§ **TASK REQUIREMENTS**: Pictures are to be left out; every line from the one that holds "Ide prewedding. (instagram.com/riomotret)" to the end of the data is to be retyped exactly.

*** Opening of SUPPLIED MATERIAL ***

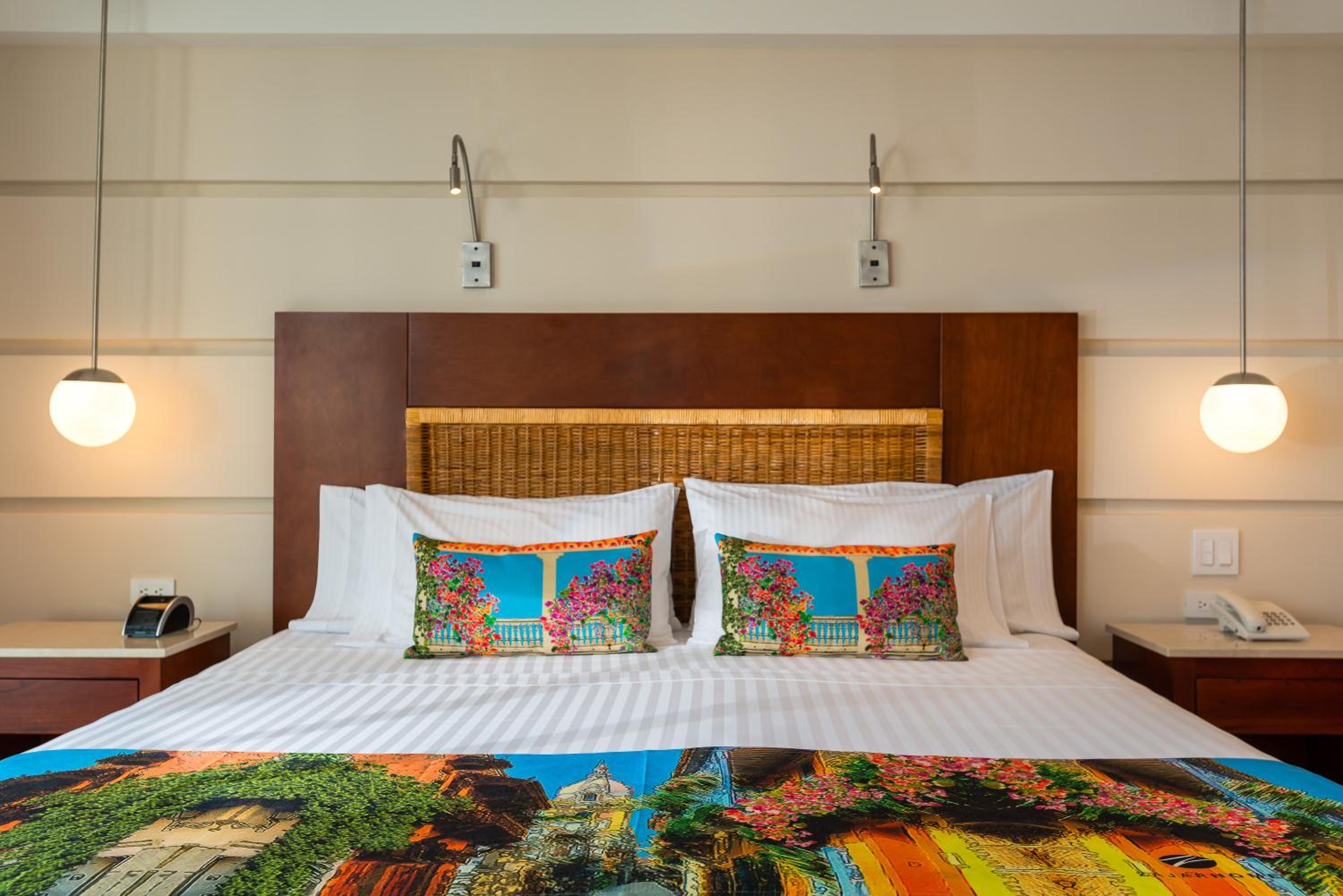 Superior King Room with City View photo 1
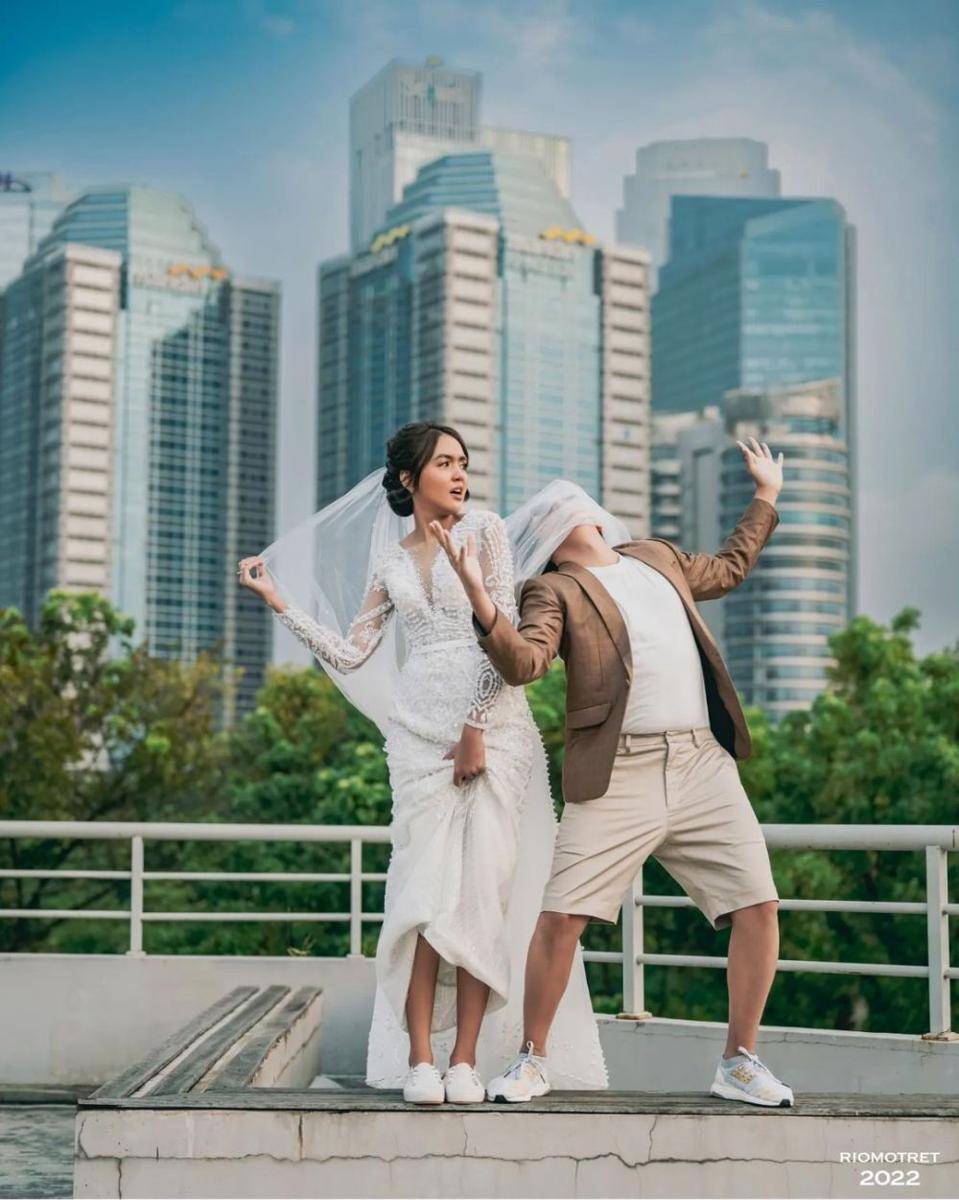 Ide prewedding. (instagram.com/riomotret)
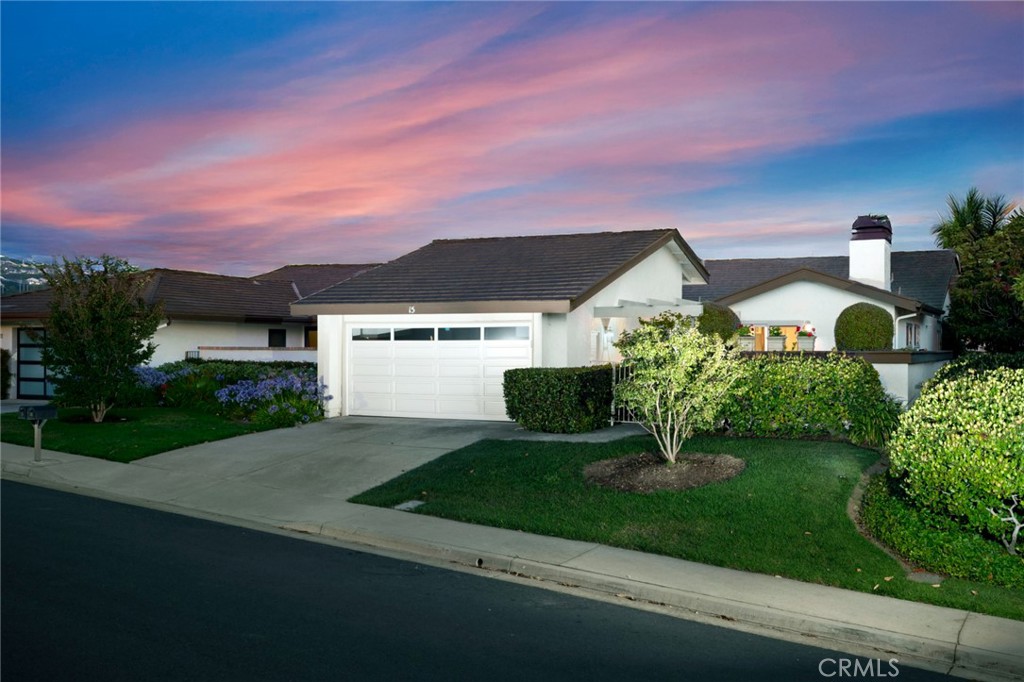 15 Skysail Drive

*** Close of SUPPLIED MATERIAL ***

§ **EXERCISE SOLUTION**:
 Ide prewedding. (instagram.com/riomotret)
 15 Skysail Drive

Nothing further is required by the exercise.